Those going a slow (but still legal) speed in the right lane could be (legally) passed by someone going at a higher speed (up to the speed limit) in the left lane. Problem is that sometimes folks will be going at a higher speed in the left lane than those in the right lane, but still not going the speed limit, thus blocking someone going the speed limit in the left lane. And flashing them, more often than not, does not give them the hint 'cause they aren't looking around but are fixated on either the road itself or the tail lights of the driver in front of them.

Now bring in all those folks who drive faster than the posted speed limits. Sure they are breaking the law, but they guy in front of them who is still doing less than the speed limit in the left lane should not be the one to enforce the law on his own. He should still show some curtesy by moving to the right as soon as it is safe to do so, and let the guy pass.


----------



## Matthew330Ci (Sep 9, 2002)

JetBlack330i said:


> Thank you.
> I don't necessarily agree with the "lousy drivers" comment, but single lane passing is wishful thinking until we fix the drivers to your expectation level.
> 
> (RGal, just curious... have you ever traveled abroad? If yes, to which countries?)
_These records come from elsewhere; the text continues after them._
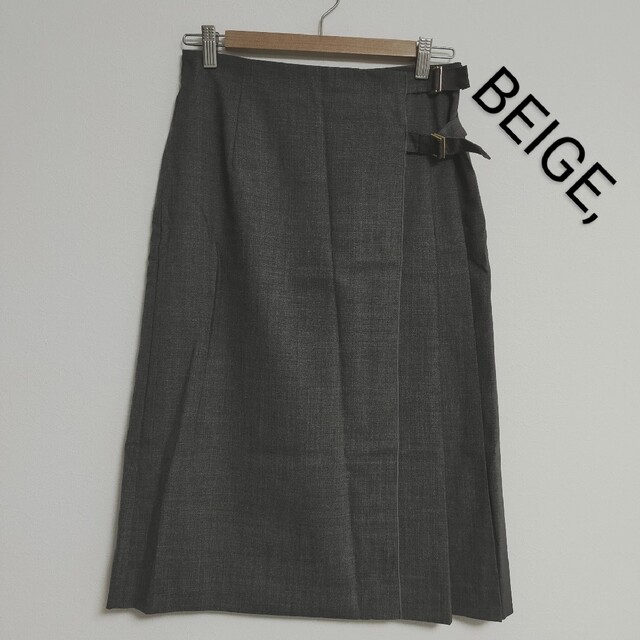 エバニュー ベイジ BEIGE, ラップデザインスカート サイドプリーツ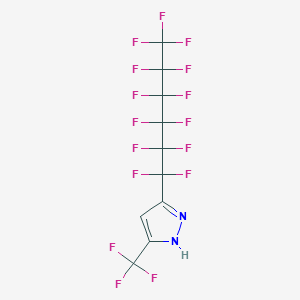 3-(1,1,2,2,3,3,4,4,5,5,6,6,6-tridecafluorohexyl)-5-(trifluoromethyl)-1H-pyrazole CAS 1240309-75-4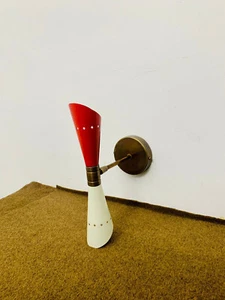 Wall Sconces 1950's Mid Century Brass Italian Red and White Diabolo Wall Sconce - Picture 1 of 7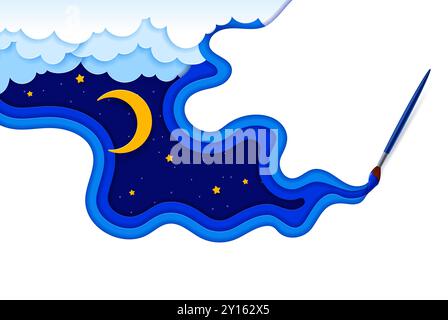 Pennello e carta tagliano il cielo notturno. cornice a strati vettoriale 3d papercut con nuvole, stelle e una luna crescente in un cielo blu scuro. Pennello per creare una vivace e fantasiosa arte notturna Illustrazione Vettoriale
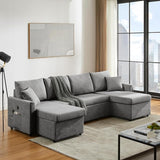 U Shaped Convertible Sleeper Sofa Bed, 108" Sectional Couch for Living Room - Dual USB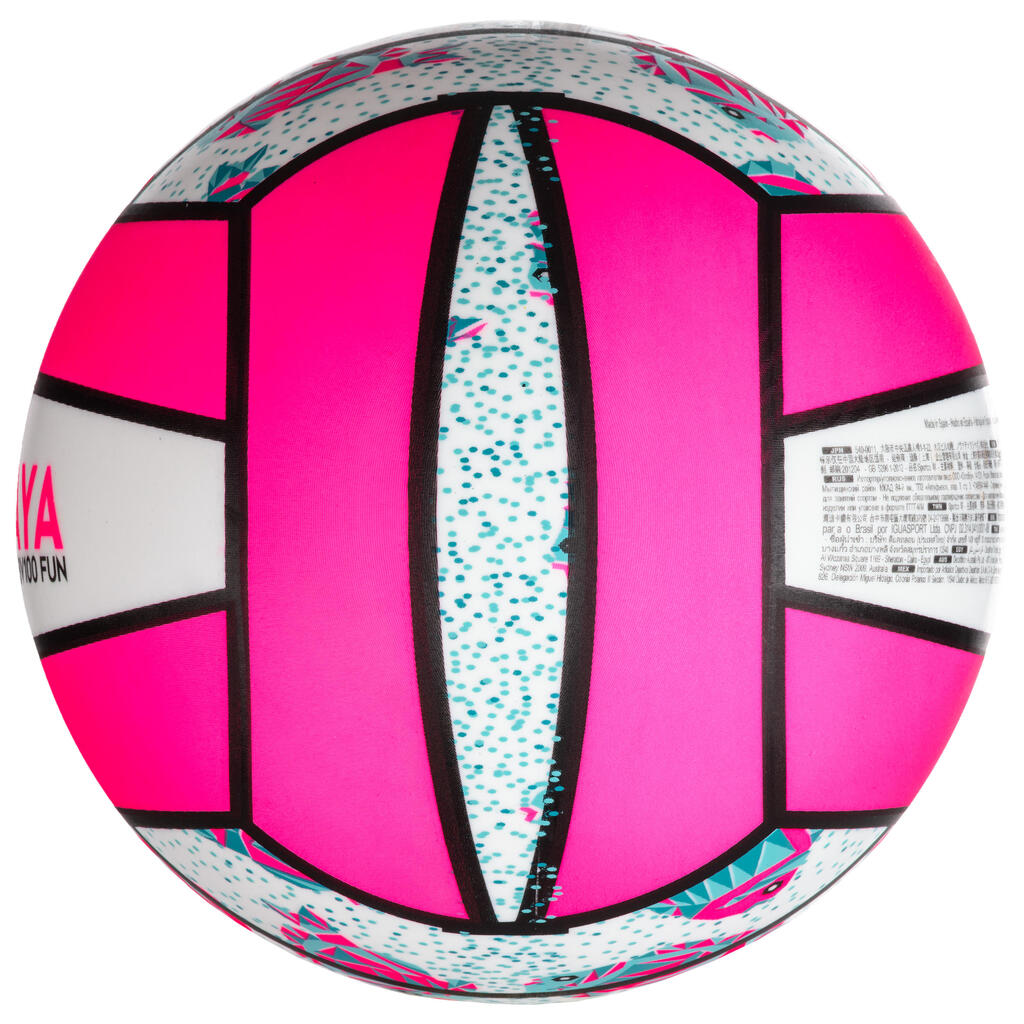 Lopta na plážový volejbal BV100 bielo-ružová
I know where you're going with this, yes, compared to countries like china or wherever, yes, americans are not that bad drivers, but compared to europe (especially german) drivers i've seen, americans are very lousy indeed. driving on the german autobahn was a revelation and an enlightening experience.

On a separate note, i found this comment from teh article to be :madrazz:  :tsk:

"Shipley said some of the drivers she's stopped have admitted they were deliberately driving under the speed limit in the left lane in an effort to prevent others from speeding."


----------



## Patrick (Dec 23, 2001)

JetBlack330i said:


> How's that supposed to prevent traffic congestion?
> It might work on Autobahn, but not in America, unless they increase the speed limit.


It works very well here, and we do not have 5 lane freeways.

I saw a lot of this left lane "sitting" when I was recently back in the US, and I was a little shocked. Drivers going even under the speed limit, talking on their mobile phones, and completely oblivious to the fact they were causing traffic.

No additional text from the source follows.